For investors that count on income from dividends, 2017 and 2018 were blockbuster years. Payouts jumped 8% and 9.8%, respectively — hitting record highs.

But as the global economy has slowed, dividend growth has come back down to Earth.

“We have been cautioning investors all year that the rapid income growth they have enjoyed over the last couple of years was set to return to more normal levels,” asset manager Janus Henderson said in a report released Monday.

The firm found that softness in the global economy is beginning to hit corporate earnings, and thus dividends. The trend began in the second quarter and seeped into the third. While the firm hasn’t finalized its 2020 outlook, it expects more of the same next year.

“We’ve just got a very low growth, lackluster economic environment,” Jane Shoemake, investment director of global equity income, told me.

Shoemake pointed out that even in this environment, companies “are still generating some decent cash.” Energy companies that restructured their operations when oil prices were lower, for example, have fed recent growth.

The numbers: Janus Henderson expects dividend payouts to rise 3.9% in 2019 compared to last year. They’re still forecast to hit a record $1.43 trillion.

The big picture: In 2017, the world experienced synchronized economic growth, while 2018’s corporate earnings bonanza was fed by the sugar high of US tax cuts. That wasn’t going to last forever. Economic growth may continue to grind higher, but the easy returns of recent years are getting harder to come by. Stock buybacks are also slowing.

Aramco’s more modest IPO could still dethrone Alibaba

Saudi Arabia thinks its massive oil monopoly is worth as much as $1.7 trillion — below the $2 trillion price tag said to be sought by Crown Prince Mohammad bin Salman, but high enough to pave the wave for a record IPO before the end of the year.

On Sunday, Saudi Aramco said it was aiming to sell 1.5% of its 200 billion shares in a partial privatization for between 30 riyals ($8) and 32 riyals ($8.53) each.

At the higher price, Aramco would notch the largest IPO on record. It would raise more than $25 billion, taking the crown from Alibaba’s public debut in 2014.

That’s not all. At a valuation between $1.6 trillion and $1.7 trillion, Aramco would be the most valuable company in the world. Right now that title belongs to Apple, worth $1.18 trillion.

That victory, however, is overshadowed by the fact that the IPO is more modest than initially advertised. Low oil prices, the climate crisis and geopolitical risk have raised skepticism among international investors, and could force the Saudi kingdom to rely on rich local families, sympathetic sovereign wealth funds or major customers such as China signing up for shares.

Up next: The share price will be set on December 5, with trading on the Saudi stock exchange expected to start later that month.

Stocks are in vogue once again

In August, the world’s largest wealth manager told clients it was time to sell stocks — the first time since the eurozone crisis that it had given this advice.

Now UBS is backing off its bearish warning.
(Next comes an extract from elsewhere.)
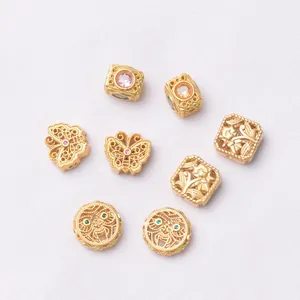 Detailed close-up of gold hollow butterfly and floral beads with colorful zircon stones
It’s further evidence of the recent mindset among investors that slowing economic growth doesn’t indicate a looming recession, giving stocks more runtime to push higher.

The bank now thinks equities should make up a standard proportion of investors’ portfolios. That’s not exactly a bullish position, but it’s far less gloomy.

Mark Haefele, UBS Global Wealth Management’s chief investment officer, pointed to four reasons the bank is more optimistic in a recent note to clients: 1) Progress in US-China trade negotiations, 2) increased stimulus from central banks, 3) more reasonable expectations for corporate earnings, and 4) tentative signs that the economy is stabilizing.

Preventing an outright bullish stance is uncertainty on trade. “Of course we need to acknowledge that geopolitical gains can swiftly evaporate,” Haefele wrote, noting that President Donald Trump claims that he hasn’t “agreed to anything” with China.

Up next

US capital flows data for September arrives at 4 p.m. ET.

Coming tomorrow: Fresh data on the US housing market.